I just ate, can we talk about something else... like rust..

uhoh.. icon8.gif


m
scotty914
miles you are being bad again dont make me send teri over ar15.gif
mattillac
thanks guys! just what i was looking for. time to drop my motor i guess... wavey.gif
Jake Raby
Sodium filled valves are not the answer. They cost too much and don't do their job!

I have seen more failures that cost complete engines to be destroyed from sodium filled valves than all others 3 times over.

Send your heads here
www.haminc.biz

Then its a done deal..
Mark Henry
Let a pro who does aircooled heads do the job.

You wouldn't believe some of the fuched up head work I've seen.
Jake Raby
Yep, but not all them know the TIV head well either....

I have found TWO people that can do them right in my lifetime!
Dominic
QUOTE(Jake Raby @ Nov 26 2004, 07:33 AM)
Yep, but not all them know the TIV head well either....

I have found TWO people that can do them right in my lifetime!

Jake,
Who else do you trust to do 914 head work besides Len ?
Thanks,
Dominic
silver2.0
Jake,

I know you do this for a living, but a type 4 head isn't rocket science. There are "tricks", but if you are just doing a stock rebuild, there are many good people who can be trusted. I used a place in spokane washington call cylinder head service, and they do everyting from bug's to flat head v'8s. They did an outstanding job, and for less than rimco. Time will tell I guess, but the first 30,000 miles have gone without a hitch, as I expect the next 30k to go as well. Just make sure you use someone with some experience in this field, that's all. It's not as if he is looking to bump the size of valves, or do port work.
TheCabinetmaker
I agree with mark and silver 2.0.

1st, let a professional do it.

2nd, There are many people who can do a stock head, or even race heads. We have a guy locally who has been doing warranty repair for the Porsche dealership for 30 years. He's done 8 sets of heads for me with no errors yet.
Jake Raby
Silver 2.0 I disagree 100%.

Experience with the Type IV head is a necessity to do this job correctly. The stock head had flaws right from the factory that create hurdles for any head technician to overcome. These issues if not noted and taken care of will create the same issues that have plagued this engine from the beginning of time.

The major problem with the stock head from the factory was valve seat material, and interferance fit of those seats. The stock material was a sintered composition that shrinks when its over heated. Couple that with lack of interferance fit on an aluminum head and the expansion that the head goes through and voila you have a dropped seat.

Type IV specialist that were dedicated to the development of these heads had to try different types of steels and fits to find the perfect mix of interferance and material. This is why they never talk about the procedures or the seats. These seats are also harder and resist being pounded out over miles, but not too hard to mar and pound a stainless valve.... Think some Chevy technician knows that?? Wrong..

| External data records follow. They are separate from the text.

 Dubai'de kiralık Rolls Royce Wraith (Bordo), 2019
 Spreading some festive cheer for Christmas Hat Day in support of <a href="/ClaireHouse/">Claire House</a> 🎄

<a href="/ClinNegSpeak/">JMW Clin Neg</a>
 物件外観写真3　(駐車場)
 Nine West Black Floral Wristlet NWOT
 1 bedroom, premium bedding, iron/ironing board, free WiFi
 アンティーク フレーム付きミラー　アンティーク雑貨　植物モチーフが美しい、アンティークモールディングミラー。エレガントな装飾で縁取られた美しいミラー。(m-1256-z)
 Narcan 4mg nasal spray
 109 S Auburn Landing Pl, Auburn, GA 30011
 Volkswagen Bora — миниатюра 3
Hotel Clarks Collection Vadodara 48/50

Materials also go much deeper than just the valve seats! A good for instance is the valve guides. The stockers sucked, the stock replacements suck too. The most expensive ones on the market also suck and start wearing in 5,000 miles! The best guide is one thats NOT EVEN MADE FOR THIS ENGINE! and they cost 1/2 of what the expensive ones cost and won't wear! Hell they even tear up reamers they are so tough, BUT they are soft enough not to tear up the valves or gall!

The other part of experience comes from using bad judgement and suffering failures. When a mistake is made and a failure is a result one soon finds the issue and does not repeat it. This is SO VERY true with the Type IV head since all its development with strength have came from trial and error....

Unless you specifically deal with these heads you may never know just how deep you can flycut a head before you hit the areas that are known for have core shift in the castings. Not taking the care in this area might just blow a hole right through the chamber (I have done this)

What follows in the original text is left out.